A company that sells cleaning products is giving customers some surprising advice: wash your clothes less.

Ecover is calling for a change in our laundry habits after research found people felt under societal pressure to wash their clothes more frequently, and were unaware that this could damage the environment.

The brand, in partnership with Falmouth University, is publishing a report this week into the impact of laundry on the environment. The researchers found that 18% of the 2,000 Britons interviewed for the report in August believed – wrongly – that washing less frequently would not affect the planet. One in 10 feel pressure to do laundry more frequently.

The report also found that 75% of participants in recent studies mentioned fear of judgment from others for wearing the same clothes multiple days in a row.

Model and environmental activist Lily Cole, who will chair a panel discussion on the findings in London this week, said she had experienced this. “The attitude has changed in recent years, but I was in the sidebar of shame a few times for wearing the same look on the red carpet,” she said.

“Back then it was seen as a faux pas. Celebrity culture is often an extreme version of what we’re seeing in culture in general: the values, the shaming, the conversation around cleanliness.”

Figures from the Office for National Statistics (ONS) showed the number of wash loads in the UK increased by 9.6% from 6.2bn to 6.8bn between 2005 and 2014. By 2016, the ONS estimated that each household was responsible for 260 wash loads a year.

Pollution from detergent causes serious risks to flora and fauna and natural ecosystems. Changes to the textiles used to make modern clothes have exacerbated the problem – washing clothes made from synthetic fabrics accounts for about 8% of the microplastics released into our water. Microfibre shedding during washes decreases over time, but if “fast fashion” clothes are poorly made and quickly discarded, new clothes are constantly being added to the cycle.

Dr Cui Su, from the school of communication, Falmouth University, who worked on the report said: “For decades, our relationship with laundry has been shaped by powerful cultural forces and advertising that have conditioned us to believe that ‘perfectly clean’ is the only acceptable standard. From the smell of freshly washed clothes to the crispness of fabrics, cleanliness has been presented not just as a necessity, but as a reflection of success.”
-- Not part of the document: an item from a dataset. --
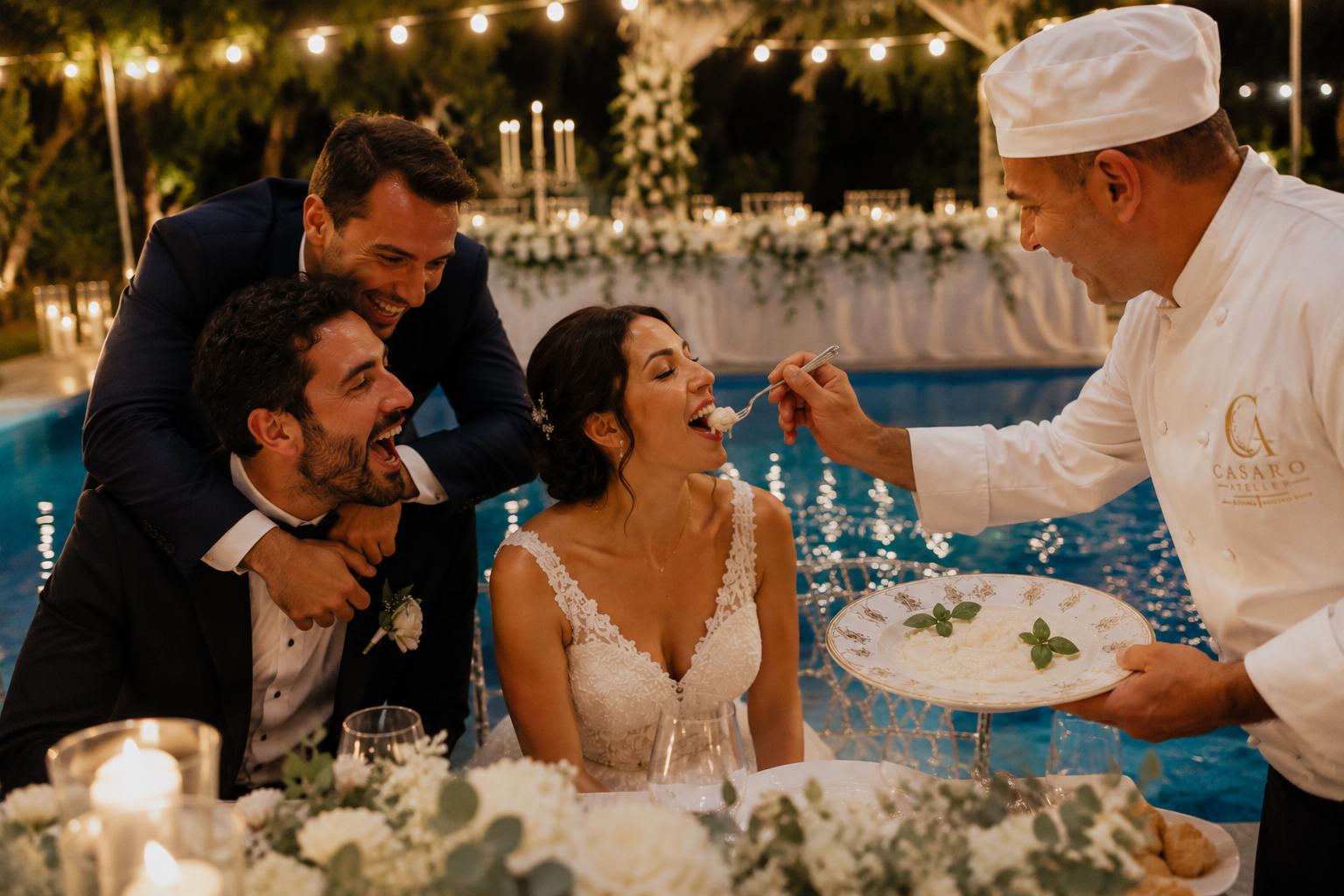 Produzione live di mozzarella durante un ricevimento di nozze elegante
In more recent years, influencers have also helped to shape our laundry habits – the hashtag #cleanwithme has 648.4k posts on TikTok and #cleaningobsessed has 162k posts on Instagram. But clean clothes and a large wardrobe of appropriate outfits have a long association with social standing.

Katherine Ashenburg, author of the book Clean: An Unsanitised History of Washing, says: “In the 17th and 18th centuries – among the dirtiest centuries in the west – people, including doctors, believed that changing your linen shirt frequently was a safer and more effective way of removing dirt than washing your body with soap and water. Louis XIV bathed twice in his long life, but he was considered very clean because he changed his shirt several times a day.”

Cole – who said she was wearing the same T-shirt for the second day running for her interview – added: “My mum, who grew up on a mountain in southern Wales without electricity, tells me her mother would spend a whole day handwashing their clothes each week. I must admit I love having a washing machine. But there’s a bigger message here of a mindset towards the things that we own, taking care of them and making investments.

“Build a long-term relationship with clothes and think about the way you wash them, how you repair them and if you can pass them on or donate them if it’s not something you can wear for a long time.”